Ne oldu bilmiyorum, aslında bildiğimi bilmiyorum belki de. ya da bildiğim o "ne" yi anlatmakta zoluk çekiyorum.

bundan çok değil bir sene önce güne başlamak için bir playlistim vardı. huzurlu soft şarkılardan oluşan küçük ama değerliydi. hangi zaman olduysa oldu bilmiyorum, şimdi hiç mi hiç dinlemiyorum. sevmediğimden ya da bıktığımdan değil, sadece dinlemiyorum. ne bir irade gösterisi ne de bir bilinçli değişim girişimi ile yapılmış bir şey değil halbuki. şimdi güne başlamıyorum bile. gün başlamış oluyor.

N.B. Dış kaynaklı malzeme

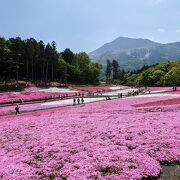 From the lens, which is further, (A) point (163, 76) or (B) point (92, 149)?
(A) point (163, 76)

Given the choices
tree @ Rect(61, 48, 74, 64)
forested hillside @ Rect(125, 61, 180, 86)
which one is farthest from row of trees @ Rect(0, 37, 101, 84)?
forested hillside @ Rect(125, 61, 180, 86)

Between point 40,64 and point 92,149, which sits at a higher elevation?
point 40,64

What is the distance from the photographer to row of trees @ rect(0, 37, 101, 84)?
105688mm

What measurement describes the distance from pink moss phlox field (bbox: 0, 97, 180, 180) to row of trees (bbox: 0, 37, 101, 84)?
76918mm

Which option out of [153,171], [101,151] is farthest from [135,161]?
[101,151]

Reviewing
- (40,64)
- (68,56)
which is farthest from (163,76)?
(40,64)

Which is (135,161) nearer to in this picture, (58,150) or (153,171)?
(153,171)

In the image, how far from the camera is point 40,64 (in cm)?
13038

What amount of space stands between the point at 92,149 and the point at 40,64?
114 meters

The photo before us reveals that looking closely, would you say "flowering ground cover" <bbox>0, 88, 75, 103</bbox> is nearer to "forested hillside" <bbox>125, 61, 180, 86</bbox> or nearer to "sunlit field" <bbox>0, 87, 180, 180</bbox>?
"sunlit field" <bbox>0, 87, 180, 180</bbox>

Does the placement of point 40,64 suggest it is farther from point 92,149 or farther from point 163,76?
point 92,149

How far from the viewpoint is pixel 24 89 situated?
93.0m

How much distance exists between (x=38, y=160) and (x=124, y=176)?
619 centimetres

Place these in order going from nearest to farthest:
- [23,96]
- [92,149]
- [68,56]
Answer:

bundan çok değil bir süre önce, bir sürü film hakkında hem okur hem de yazardım hem de arkadaş çevresinde sürekli yorum yapardım. vizyonu takip eder, bir filmin küçük şehre gelmesini merakla bekler ve ilk günkü heyecanı hiç kaybetmeden o coşkuyla izlerdim. şimdi hiç mi hiç izlemiyorum. sevmediğimden ya da bıktığımdan değil, sadece izlemiyorum. ne bir irade gösterisi ne de bir bilinçli değişim girişimi ile yapılmış eylem değil halbuki. şimdi heyecanlanmıoyrum bile. filmi bilmiş oluyorum.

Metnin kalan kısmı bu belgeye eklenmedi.